The tweets that were the pretext for the university’s withdrawal of Salaita’s job offer were written in a moment of pronounced state violence. Salaita was responding to the latest of Israel’s assaults on Gaza — an assault that followed many others on the blockaded territory in previous years and that eventually cost the lives of more than 2,000 Gazans and injured many thousands more. Sixty-five percent of the Palestinian dead, including over 500 children, were civilians, according to the United Nations. Several dozen Israeli soldiers and several Israeli civilians were also killed by Hamas. To identify Israeli state violence as the first context of the Salaita affair is not to deny or downplay war crimes committed by Hamas, but it is to situate the actions of Hamas in the context of ongoing occupation, blockade, and invasion.
While it is tempting to draw a straight line from the assault on Gaza to the unhiring in Urbana-Champaign, the causality is more complicated.

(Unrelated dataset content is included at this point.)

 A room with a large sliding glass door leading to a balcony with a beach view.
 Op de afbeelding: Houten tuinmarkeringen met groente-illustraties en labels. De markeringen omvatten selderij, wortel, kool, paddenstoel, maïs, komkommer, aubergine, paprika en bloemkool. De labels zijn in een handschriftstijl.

Neither simply a “local” affair nor an abstractly global one either, the Salaita controversy condenses diverse sites of conflict as well as various streams of social transformation. Depending on one’s perspective, one can easily see the contemporary politics of anti-Semitism, anti-Arab racism, or settler colonialism at the center of the controversy. It certainly illustrates the transnational dimensions of the Israeli-Palestinian conflict, which includes diasporic contestations of various sorts by Jews and Palestinians in the U.S. and elsewhere.

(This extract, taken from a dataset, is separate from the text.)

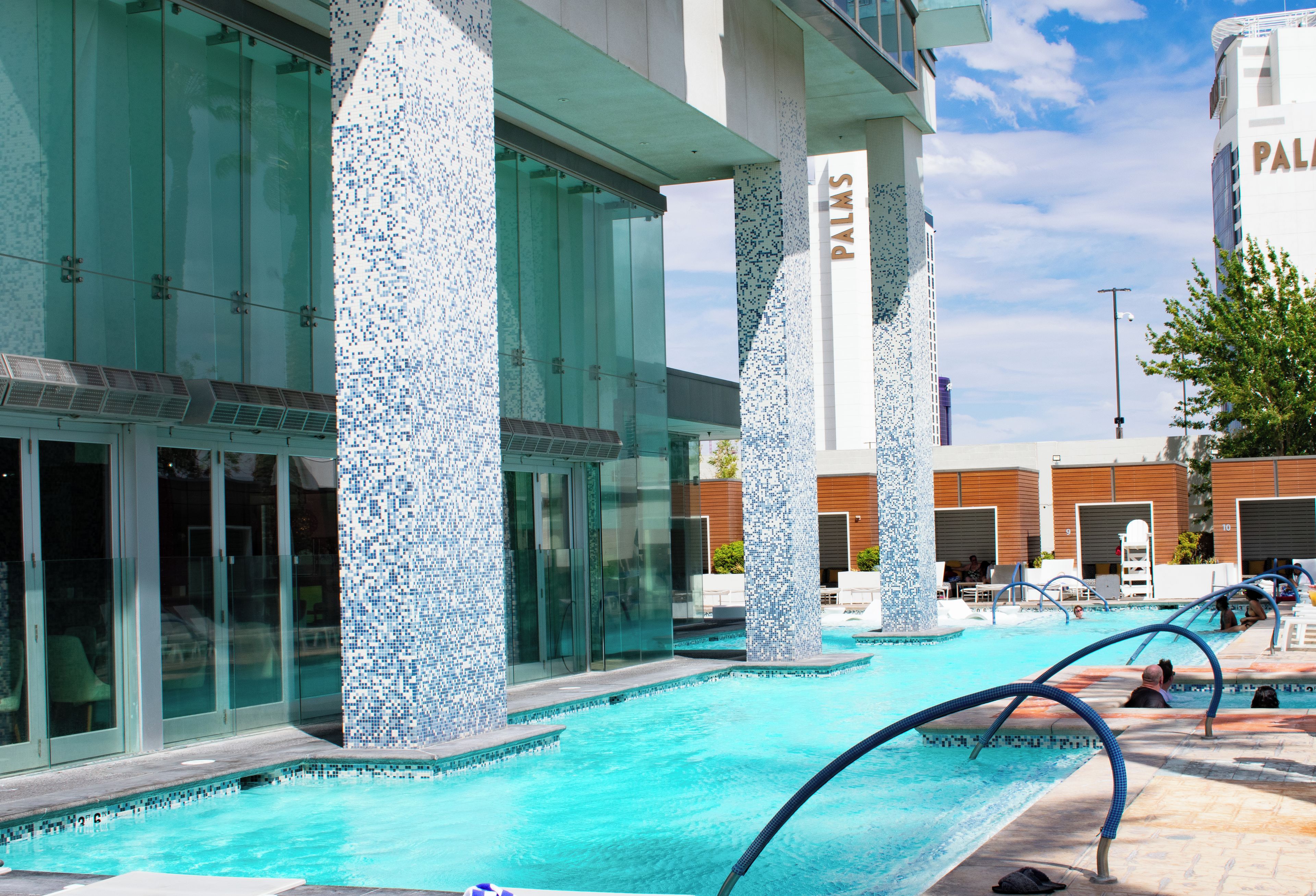 A swimming pool area with clear blue water, surrounded by glass walls and columns with mosaic tile patterns.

The conflict over Salaita also grows out of local, national, and transnational features of indigenous history, from Illinois’s ugly “Chief” mascot history to attempts to construct trans-indigenous solidarities that include Palestine. The particularities of those contests then play out in one instantiation of a widely shared neoliberal program to remake the university through top-down, anti-faculty forms of governance. Finally, all of those currents have converged on a stage shaped by the ongoing transformation of public discussion by new media platforms such as Twitter and Facebook.
Why do these various, overdetermined contexts intersect in the Salaita case and what is at stake in that intersection? While Palestinian and indigenous struggles concern, above all, claims to sovereignty and territory, those are not the immediate stakes of this controversy. I want to propose instead that the kernel holding together the multidimensional event of the unhiring is a contestation over interpretive power — a form of contestation that has an indirect though still critical relation to the struggle for sovereignty.

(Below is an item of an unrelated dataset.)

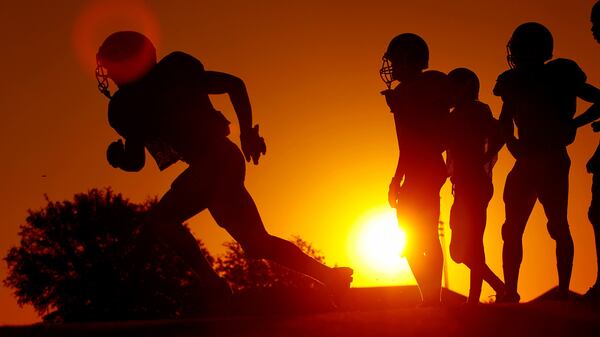 A file photo shows high school football players in Texas.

In the most obvious sense, the case involves a contest over the meaning of Salaita’s tweets: are they anti-Semitic or ironic? Within or beyond the bounds of acceptable speech? Relevant or not to an academic appointment? But the real struggle over interpretation lies not in assessment of the content of Salaita’s controversial statements, but rather in the institutional framing of the act of interpretation. What is really at stake is not what these statements mean but who gets to decide on the meaning of scholarly and public discourses and under what conditions. Should non-specialist administrators and politically appointed trustees have the authority to override the carefully vetted decisions of faculty? Should outside pressure — whether from donors or politically-motivated bloggers — be allowed to insinuate itself into academic considerations?
In the struggle over the institutional framing of the Salaita case, resistance to the neoliberal transformation of the university comes to occupy a social location provisionally analogous to Palestinian and indigenous resistance to colonialism and state power. The content of those three struggles is not identical by any means; the histories, scales, and stakes vary decisively. What links them — contingently but powerfully — is the fact that in all three cases, activists and scholar-activists confront powerful hegemonies of interpretive power.
In the United States, at the least, neither the Palestinian cause nor movements of American Indians and indigenous people more generally confront a neutral public sphere. The dominant “common sense” is aligned against the claims of these groups. Similarly, the struggle for control of the university confronts a market logic that has increasingly saturated the idea of the university in recent decades. Within that logic, critical thought of the kind practiced by Salaita and his defenders can only be considered beyond the boundaries of the acceptable: it is, in the shorthand evoked by Chancellor Wise and the university’s Board of Trustees, “uncivil.” Indeed, as Joan Scott and others have argued in relation to the Salaita case, the discourse of civility provides the “positive” vision that guides the hegemonic interpretive framing of the controversy. In this case it sutures together the three very different contexts I have highlighted.
In principle, the struggle over interpretive power could link together any number of radical and progressive causes; that is precisely the point of stressing the contingent, overdetermined nature of this case. But that point alone is far too general to be helpful. A return to the specific histories activated by the affair can help elucidate the particular configurations of power at stake.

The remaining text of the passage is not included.